- Direction of credit markets will depend on U.S. fiscal-cliff negotiations.
- Decent -- but not high -- activity in the primary markets.
- Liquidity management exercise could pick up.
Over the past week we have mostly seen disappointing economic data but spreads are only slowly drifting wider. iTraxx Main is trading at approximately 132bp (2bp higher than one week ago) and Crossover at around 538bp (5bp higher). The outcome of Obama’s meeting with Congressional leaders on Friday will determine the short- to medium-term direction of the credit markets. We once again highlight that our base case is that the fiscal cliff will be resolved but the risk-reward for credit investors is asymmetrical. If the fiscal cliff is not resolved, it is likely to cause a significant widening of spreads, while if it is indeed resolved, it is unlikely to push spreads significantly tighter, as we are already back at the levels seen before the outbreak of the debt crisis last summer. From a longer-term perspective, for investors awash with liquidity, the search for yield and expected lower primary issuance in 2013 than in 2012 should support credit spreads.
Greek Aid Delayed
Periphery volatility is also back on the agenda, with news that the decision on paying out Greece’s delayed aid payment has been postponed by another week. Furthermore, Spain is also on the agenda, with Spanish banks ceasing to throw people out of their houses (with low income) despite defaulting on their mortgages (freeze in repossessions as it is kindly put) highlighting the disastrous economic situation of many Spanish households. It is difficult to assess how harmful it will be to bank earnings, though there is no doubt in our minds that the pool of non-performing loans will increase. The problem with such an action is not so much the bankrupt households themselves as the contagion it could cause, creating an incentive for other households not to pay their mortgages.

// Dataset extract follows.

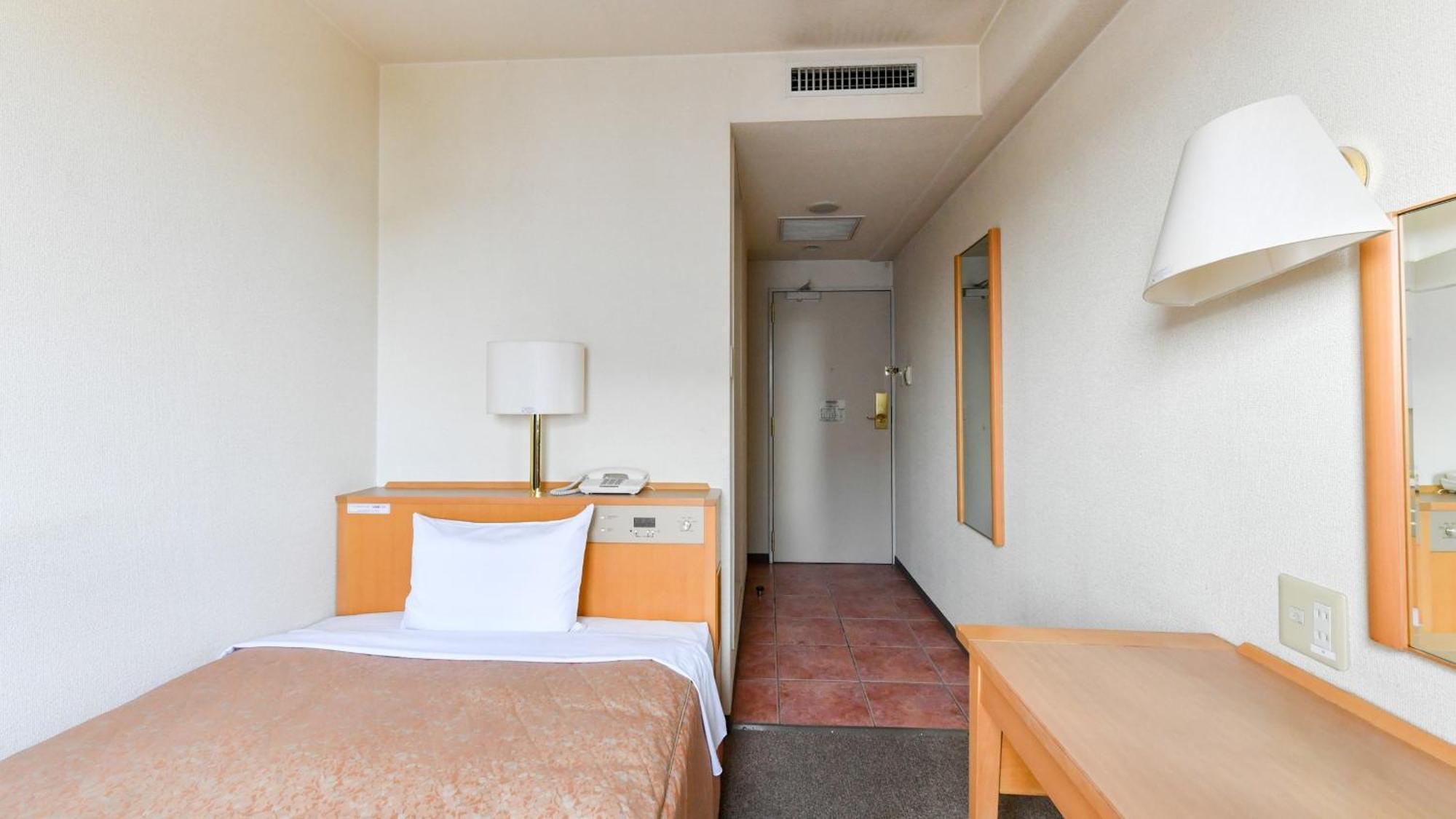 Okazaki Daiichi Hotel East Wing Exterior foto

Positively, Olli Rehn made it clear that for 2012 and 2013 there will not be any additional austerity requirements from the European Commission as he stated that ‘broadly speaking Spain is on track’.
We have seen decent -- but not high -- activity in the primary markets. From the Nordic region, Stockman issued a six-year EUR150m bond at MS+255bp.
As total yield is at a record-low level for issuers and corporates in general have the strongest balance sheets since the emergence of the financial crisis (many even have net cash positions), we would expect LME (liquidity management exercise) to pick up over the next couple of months. LME activity would allow treasurers, via buy-backs of their own bonds refinanced in the capital markets, to lock in the historically low yields. Thus, we expect the issuance pipeline over the next couple of months to be supported not only by LMEs but also by prefunding (again taking advantage of record-low yields). As mentioned earlier though, as the prefunding exercise has been ongoing for a while, we expect total issuance for non-financials to be lower in 2013 than in 2012.